Closed bigludo7 closed 4 months ago

bigludo7 commented 9 months ago

Problem description

The CAMARA-API-access-and-user-consent document defined purpose and scope. scope could be an API level. First implementation feedback raised that scope at API level is an problem if some operations within this API, with same dpv, required distinct legal base type execution (for example one operation is under legitimate Interest whilst the other is under Consent legal base). In this case, for this market country implementation, for this situation, the rule is to work (only) at operation level.

Probably interesting to check if in other market country same rule applied.

Possible evolution If this is a shared concern - We may specify this recommendation in the document ("if several legal base, for a same dpv, apply within an api, then the recommendation is to use scope only at operation level").
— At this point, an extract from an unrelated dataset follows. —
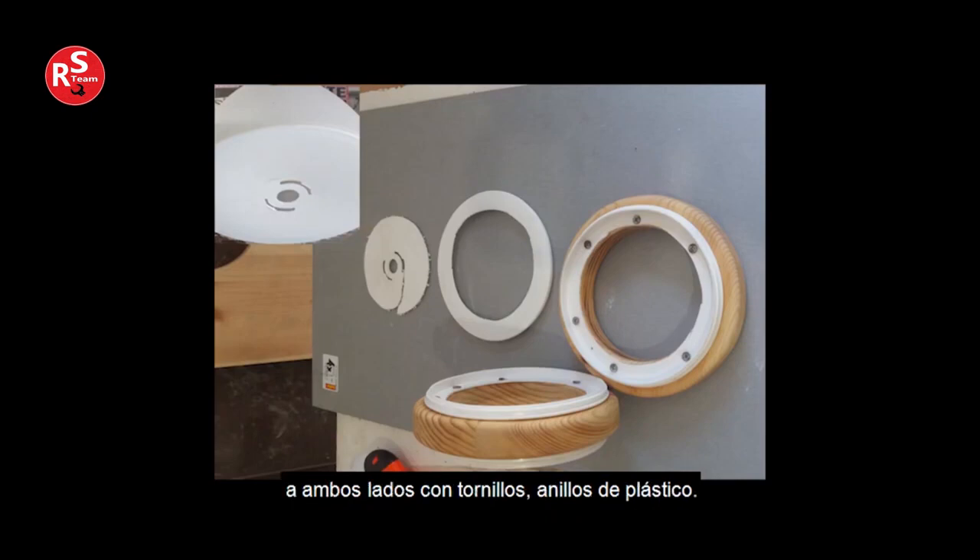The wooden ring has the plastic rings attached to it on both sides with screws. For one egg-shaped body of the hanging chandelier, we use one wooden ring, two plastic rings, and two oval pieces.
Alternative solution Change nothing in the document and let the topic open for each market.

Additional context Adopting this recommendation could have an impact on API evolution. Indeed, if an API is in production in a market, and scope is managed at api level, then we should refrain extension on this API (by adding a new operation for example or adding attributes) that required a distinct legal base that the current used. As such, this point is impacting all APIs so probably TSC consultation is required.

eric-murray commented 9 months ago

Hi @bigludo7

CAMARA should define the valid range of "purpose" values, scope values and the technical mechanism for the API consumer to signal their required scope to the API provider, all of which have been done or are in progress. The question is whether we need to say anything about which combinations are valid, or leave that to implementors and regulators (or maybe Open Gateway).

If I, as an API provider, receive a request for scope dpv:FraudPreventionAndDetection#sim-swap then I would currently interpret this as "give me (as defined by my client-id) access to all endpoints in API sim-swap for which FraudPreventionAndDetection is an approved purpose". This may be all, none or only some of the defined endpoints, and it is up to my implementation to restrict access to endpoints for which FraudPreventionAndDetection is not a valid purpose.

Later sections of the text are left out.